Search Engine Update 1
As, I mentioned in my last post . I’ve been busy building my search engine lately, and it’s been a lot of fun diving deep into Kubernetes and learning how to set everything up from scratch.
Overview of the System
Spider
- Fetches websites and stores them in a local database.
- Uses bi-directional gRPC to stream data to the Conductor.
- Retrieves URLs to explore from SQS.
Conductor
- Receives crawled pages from the Spider.
- Updates the main table of seen pages.
- Queues new pages to explore in SQS.
Cartographer
- Pulls pages from the seen pages table.
- Builds an adjacency list and assigns a prominence score to each page.
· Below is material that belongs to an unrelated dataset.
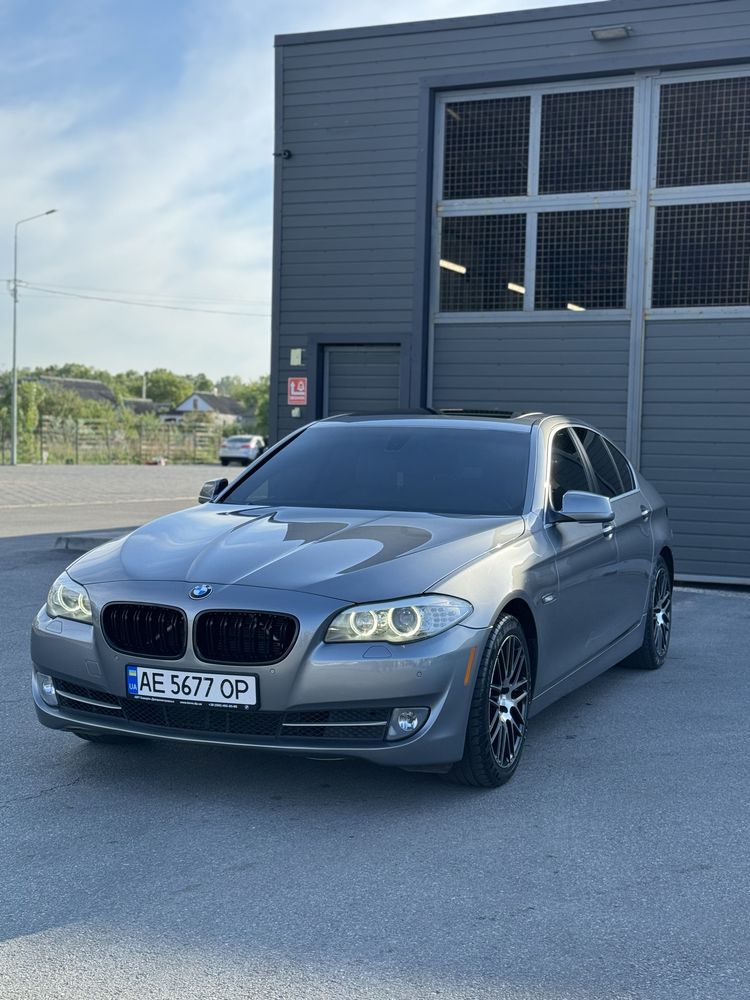 Продам BMW F10 528i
- Stores the results in the index table.
Searcher
- Uses the index table to return the most relevant pages for a search query.
What’s Been Done
Spider
- Migrated to a relational database (SQLite).
- Now exposes a gRPC endpoint consumed by the Conductor.
Observability
- Set up Grafana and Prometheus for system monitoring.
- Integrated OpenTelemetry for distributed tracing.
RPC (Spider ↔ Conductor)
- Implemented gRPC streaming to allow real-time, bidirectional communication.
Kubernetes
- Cluster configured to pull container images from AWS ECR.
Trade-Offs
Database
- Using Postgres for the main system and SQLite for the Spider.
- SQLite is lightweight, requires no additional services, and is ideal for isolated Spider instances.
- Postgres offers scalability and flexibility for future features like word embeddings and graph search.
Spider ↔ Conductor
- The Conductor is the bottleneck in this architecture.
- To mitigate this, I implemented bidirectional streaming over gRPC. The Conductor can send back “can’t keep up” messages when overwhelmed.
- Streaming enables incremental, real-time submission of crawled pages.
AWS SQS
- Chosen due to familiarity and reliability.
- Enables horizontal scaling by allowing multiple Spiders to fetch tasks independently.
Prometheus
- Opted for a
/metrics
endpoint over a sidecar to reduce RAM usage and simplify deployment.
- Opted for a
Future
At the next update, I plan to have:
- Public Grafana dashboard
- Implement
- Conductor
- Cartographer